Take Bijan Sabet, the partner at Spark Capital who led his firm's investment in Twitter in 2008. At the time, according to a person familiar with the matter, Twitter was valued at $100 million. This week, the company is seeking a valuation of up to $13.6 billion in its initial public offering.

"Most of what I've been doing," Sabet said in a phone interview, "is being hyperfocused on consumer Web and mobile products."

That includes investing in some of the same people who brought him Twitter. One of them was Lift, a mobile phone app that promotes positive habits, which grew out of the Obvious Corp, the incubator created last year by Twitter co-founders Biz Stone and Evan Williams.

In May, Sabet invested in Stone's latest venture, Jelly, which has not announced details of its business except that it plays into consumer- and mobile-oriented themes - and takes its inspiration from the brain of jellyfish.

"For the past 700 million years, this decentralized structure has been wildly successful," Stone wrote in a blog post about his new venture.

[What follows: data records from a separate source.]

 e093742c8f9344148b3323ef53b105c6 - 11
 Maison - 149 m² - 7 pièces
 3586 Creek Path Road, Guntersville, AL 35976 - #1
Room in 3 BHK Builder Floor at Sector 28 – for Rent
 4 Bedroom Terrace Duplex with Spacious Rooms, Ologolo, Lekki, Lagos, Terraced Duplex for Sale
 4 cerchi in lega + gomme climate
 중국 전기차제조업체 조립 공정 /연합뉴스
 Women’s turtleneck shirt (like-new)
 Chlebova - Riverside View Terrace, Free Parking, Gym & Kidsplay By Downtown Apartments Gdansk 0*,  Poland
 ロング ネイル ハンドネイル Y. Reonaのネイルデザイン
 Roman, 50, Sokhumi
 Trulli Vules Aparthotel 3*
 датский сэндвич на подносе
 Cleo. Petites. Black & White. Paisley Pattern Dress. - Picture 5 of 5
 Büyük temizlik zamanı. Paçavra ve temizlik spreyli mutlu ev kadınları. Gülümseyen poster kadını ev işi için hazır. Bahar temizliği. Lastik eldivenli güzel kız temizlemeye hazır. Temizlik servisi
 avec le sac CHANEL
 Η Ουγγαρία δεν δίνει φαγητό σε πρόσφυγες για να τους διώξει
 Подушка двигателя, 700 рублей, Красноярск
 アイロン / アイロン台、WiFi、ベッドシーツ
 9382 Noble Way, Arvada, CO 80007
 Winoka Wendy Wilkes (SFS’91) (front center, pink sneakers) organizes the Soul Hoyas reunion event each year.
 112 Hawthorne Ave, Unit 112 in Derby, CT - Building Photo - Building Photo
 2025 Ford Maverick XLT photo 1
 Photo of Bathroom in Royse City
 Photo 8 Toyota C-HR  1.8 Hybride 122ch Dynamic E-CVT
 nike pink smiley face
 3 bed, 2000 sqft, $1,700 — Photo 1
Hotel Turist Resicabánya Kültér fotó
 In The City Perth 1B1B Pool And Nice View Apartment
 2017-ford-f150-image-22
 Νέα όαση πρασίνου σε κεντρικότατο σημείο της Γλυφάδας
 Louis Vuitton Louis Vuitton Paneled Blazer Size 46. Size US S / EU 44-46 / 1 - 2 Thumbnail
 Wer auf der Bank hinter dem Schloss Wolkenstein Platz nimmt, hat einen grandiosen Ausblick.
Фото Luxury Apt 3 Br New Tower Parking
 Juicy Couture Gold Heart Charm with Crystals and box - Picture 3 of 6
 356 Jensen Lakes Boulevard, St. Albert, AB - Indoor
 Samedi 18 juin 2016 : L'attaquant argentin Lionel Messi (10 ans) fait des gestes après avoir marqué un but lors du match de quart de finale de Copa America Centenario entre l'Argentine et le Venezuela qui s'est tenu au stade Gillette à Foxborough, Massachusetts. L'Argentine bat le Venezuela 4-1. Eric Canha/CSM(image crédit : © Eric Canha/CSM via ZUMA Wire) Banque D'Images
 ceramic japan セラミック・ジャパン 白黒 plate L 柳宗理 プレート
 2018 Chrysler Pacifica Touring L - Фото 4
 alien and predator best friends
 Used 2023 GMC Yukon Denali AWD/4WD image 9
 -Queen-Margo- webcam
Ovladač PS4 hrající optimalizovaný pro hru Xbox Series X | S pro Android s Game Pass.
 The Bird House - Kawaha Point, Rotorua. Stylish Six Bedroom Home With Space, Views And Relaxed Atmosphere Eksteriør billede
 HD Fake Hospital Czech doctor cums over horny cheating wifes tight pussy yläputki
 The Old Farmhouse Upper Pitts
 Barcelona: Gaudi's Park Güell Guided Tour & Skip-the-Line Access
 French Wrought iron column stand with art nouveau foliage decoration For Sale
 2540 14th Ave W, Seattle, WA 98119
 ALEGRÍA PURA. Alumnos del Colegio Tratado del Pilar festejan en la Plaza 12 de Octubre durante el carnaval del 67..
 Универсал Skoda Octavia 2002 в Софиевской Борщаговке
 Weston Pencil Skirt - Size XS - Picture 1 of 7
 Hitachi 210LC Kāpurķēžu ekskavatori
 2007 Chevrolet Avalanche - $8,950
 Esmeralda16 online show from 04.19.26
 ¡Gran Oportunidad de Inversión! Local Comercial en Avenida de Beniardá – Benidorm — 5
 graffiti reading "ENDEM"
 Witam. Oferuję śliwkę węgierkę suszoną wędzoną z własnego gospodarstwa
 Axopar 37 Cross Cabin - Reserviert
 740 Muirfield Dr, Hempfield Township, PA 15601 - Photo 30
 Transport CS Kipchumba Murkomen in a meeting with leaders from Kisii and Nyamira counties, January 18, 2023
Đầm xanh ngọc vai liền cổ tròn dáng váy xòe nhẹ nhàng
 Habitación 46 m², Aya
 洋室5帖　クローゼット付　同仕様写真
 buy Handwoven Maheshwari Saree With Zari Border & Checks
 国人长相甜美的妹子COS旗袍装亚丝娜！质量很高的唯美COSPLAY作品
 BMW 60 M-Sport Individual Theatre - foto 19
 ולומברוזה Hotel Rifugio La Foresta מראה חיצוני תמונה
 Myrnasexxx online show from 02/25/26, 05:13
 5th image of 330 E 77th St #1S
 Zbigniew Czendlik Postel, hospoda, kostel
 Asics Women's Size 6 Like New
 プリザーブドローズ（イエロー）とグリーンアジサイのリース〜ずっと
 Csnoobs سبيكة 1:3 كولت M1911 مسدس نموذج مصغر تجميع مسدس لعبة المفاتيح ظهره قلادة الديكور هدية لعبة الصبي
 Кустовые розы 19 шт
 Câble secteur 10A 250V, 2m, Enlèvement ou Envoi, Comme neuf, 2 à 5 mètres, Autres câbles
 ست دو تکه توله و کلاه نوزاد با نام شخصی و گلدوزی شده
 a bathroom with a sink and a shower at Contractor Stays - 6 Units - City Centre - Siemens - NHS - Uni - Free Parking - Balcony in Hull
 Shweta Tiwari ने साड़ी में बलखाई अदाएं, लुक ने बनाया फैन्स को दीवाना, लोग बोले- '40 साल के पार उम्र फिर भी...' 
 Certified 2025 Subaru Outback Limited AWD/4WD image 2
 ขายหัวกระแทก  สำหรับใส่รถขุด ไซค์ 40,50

Mike Maples, the managing partner of Floodgate Fund who invested $25,000 in Twitter in 2007, when the company was valued at $25 million, said he is developing a strong interest in what he calls programmable services.

By that, he means efforts to use the Internet to organize everything from a ride to running errands. He has invested in the ride-sharing firm Lyft and the odd-job platform Taskrabbit.

Perhaps the archetype of this type of investment is a Floodgate portfolio company called IFTTT, which stands for "If This, Then That." The start-up allows people to set up ongoing pattern-based services. If someone is tagged in a Facebook photo, for example, the service could automatically send him or her a text message.

An important element of Maples' strategy is the medium. Over time, the devices tied into programmable services will broaden to include almost any surface - not just phones, but anything from glass to a road sign to a countertop.

"Glass is the new paper," Maples said.

In a similar consumer vein, George Zachary of Charles River Ventures has invested in Pebble, the smartwatch company, and Udacity, the online education company. His original investment in Twitter was $250,000 in the 2007 funding round.

He does not plan to stick to consumer companies, or any particular theme at all.

"We don't have microtheses about what we should invest in," Zachary said. "If you have very fine-grained theses, it's easy to miss big opportunities."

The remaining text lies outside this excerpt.